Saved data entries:
_ _ _ _ _ _ _

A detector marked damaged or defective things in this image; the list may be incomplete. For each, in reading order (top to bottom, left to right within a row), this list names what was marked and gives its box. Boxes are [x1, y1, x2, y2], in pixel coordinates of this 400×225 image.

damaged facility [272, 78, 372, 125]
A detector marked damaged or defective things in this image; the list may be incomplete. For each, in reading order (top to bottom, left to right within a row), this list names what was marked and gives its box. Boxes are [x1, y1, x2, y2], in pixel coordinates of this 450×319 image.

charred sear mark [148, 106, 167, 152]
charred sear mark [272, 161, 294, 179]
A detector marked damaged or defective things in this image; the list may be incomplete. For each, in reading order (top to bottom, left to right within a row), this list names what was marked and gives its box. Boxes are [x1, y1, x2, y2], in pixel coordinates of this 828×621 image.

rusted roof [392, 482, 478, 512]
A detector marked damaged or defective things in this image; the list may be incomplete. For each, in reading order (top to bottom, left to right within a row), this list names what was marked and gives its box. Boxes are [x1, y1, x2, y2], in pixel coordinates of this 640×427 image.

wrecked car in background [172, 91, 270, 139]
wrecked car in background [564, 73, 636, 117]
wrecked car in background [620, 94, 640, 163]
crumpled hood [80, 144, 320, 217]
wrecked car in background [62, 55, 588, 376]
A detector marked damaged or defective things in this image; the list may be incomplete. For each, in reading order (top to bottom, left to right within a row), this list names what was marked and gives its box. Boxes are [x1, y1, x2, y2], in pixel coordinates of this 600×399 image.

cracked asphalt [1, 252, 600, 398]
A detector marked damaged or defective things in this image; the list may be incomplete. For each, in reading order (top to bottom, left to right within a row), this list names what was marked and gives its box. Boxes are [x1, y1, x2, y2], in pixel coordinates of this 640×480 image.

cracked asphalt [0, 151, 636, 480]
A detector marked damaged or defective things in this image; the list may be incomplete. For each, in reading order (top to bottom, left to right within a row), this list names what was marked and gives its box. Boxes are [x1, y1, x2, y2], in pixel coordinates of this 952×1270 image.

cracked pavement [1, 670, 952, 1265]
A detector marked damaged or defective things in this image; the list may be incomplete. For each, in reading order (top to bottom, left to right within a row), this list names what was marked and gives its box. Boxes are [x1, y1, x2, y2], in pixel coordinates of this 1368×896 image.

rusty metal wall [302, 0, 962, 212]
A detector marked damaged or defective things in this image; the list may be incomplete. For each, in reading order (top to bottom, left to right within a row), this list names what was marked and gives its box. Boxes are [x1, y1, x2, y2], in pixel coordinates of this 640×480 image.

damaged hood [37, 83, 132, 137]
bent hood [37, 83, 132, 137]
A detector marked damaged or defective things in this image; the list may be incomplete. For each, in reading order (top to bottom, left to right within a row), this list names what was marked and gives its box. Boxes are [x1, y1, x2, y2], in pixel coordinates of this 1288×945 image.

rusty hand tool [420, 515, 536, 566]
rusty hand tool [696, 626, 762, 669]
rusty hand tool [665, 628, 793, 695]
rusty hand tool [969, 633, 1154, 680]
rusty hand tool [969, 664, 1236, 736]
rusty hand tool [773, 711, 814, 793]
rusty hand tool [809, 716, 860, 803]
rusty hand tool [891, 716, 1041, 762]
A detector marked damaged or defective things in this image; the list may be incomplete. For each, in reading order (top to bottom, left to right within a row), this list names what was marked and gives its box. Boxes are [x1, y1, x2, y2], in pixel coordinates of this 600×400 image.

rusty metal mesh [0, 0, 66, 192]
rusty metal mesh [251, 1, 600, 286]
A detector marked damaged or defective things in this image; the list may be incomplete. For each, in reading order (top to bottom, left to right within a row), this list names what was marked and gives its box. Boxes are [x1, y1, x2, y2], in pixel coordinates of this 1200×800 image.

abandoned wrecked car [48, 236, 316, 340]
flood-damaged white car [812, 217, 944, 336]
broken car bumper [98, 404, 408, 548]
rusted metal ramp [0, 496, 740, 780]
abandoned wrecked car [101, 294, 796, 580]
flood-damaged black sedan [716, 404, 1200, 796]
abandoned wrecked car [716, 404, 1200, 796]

_ _ _ _ _ _ _

» REQUIREMENT: Your output must contain exactly the lines from the one containing "this 1200×800 image." to the final line of the data above, and no other text.

» SOLUTION FOR THIS TASK:
A detector marked damaged or defective things in this image; the list may be incomplete. For each, in reading order (top to bottom, left to right within a row), this list names what was marked and gives its box. Boxes are [x1, y1, x2, y2], in pixel coordinates of this 1200×800 image.

abandoned wrecked car [48, 236, 316, 340]
flood-damaged white car [812, 217, 944, 336]
broken car bumper [98, 404, 408, 548]
rusted metal ramp [0, 496, 740, 780]
abandoned wrecked car [101, 294, 796, 580]
flood-damaged black sedan [716, 404, 1200, 796]
abandoned wrecked car [716, 404, 1200, 796]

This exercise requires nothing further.